Write out every record in full, exactly as written, please.

Data extracts:
Start of Block

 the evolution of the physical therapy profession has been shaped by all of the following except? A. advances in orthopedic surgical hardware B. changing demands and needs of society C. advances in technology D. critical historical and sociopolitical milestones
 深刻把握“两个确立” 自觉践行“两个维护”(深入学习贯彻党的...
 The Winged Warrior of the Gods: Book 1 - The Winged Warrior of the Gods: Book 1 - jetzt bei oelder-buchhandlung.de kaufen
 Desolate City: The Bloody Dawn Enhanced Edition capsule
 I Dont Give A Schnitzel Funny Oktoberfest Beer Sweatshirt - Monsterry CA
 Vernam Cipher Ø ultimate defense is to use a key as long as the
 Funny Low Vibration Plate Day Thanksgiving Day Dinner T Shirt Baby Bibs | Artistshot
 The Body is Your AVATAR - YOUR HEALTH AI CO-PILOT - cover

End of Block

Answer to the problem:
 the evolution of the physical therapy profession has been shaped by all of the following except? A. advances in orthopedic surgical hardware B. changing demands and needs of society C. advances in technology D. critical historical and sociopolitical milestones
 深刻把握“两个确立” 自觉践行“两个维护”(深入学习贯彻党的...
 The Winged Warrior of the Gods: Book 1 - The Winged Warrior of the Gods: Book 1 - jetzt bei oelder-buchhandlung.de kaufen
 Desolate City: The Bloody Dawn Enhanced Edition capsule
 I Dont Give A Schnitzel Funny Oktoberfest Beer Sweatshirt - Monsterry CA
 Vernam Cipher Ø ultimate defense is to use a key as long as the
 Funny Low Vibration Plate Day Thanksgiving Day Dinner T Shirt Baby Bibs | Artistshot
 The Body is Your AVATAR - YOUR HEALTH AI CO-PILOT - cover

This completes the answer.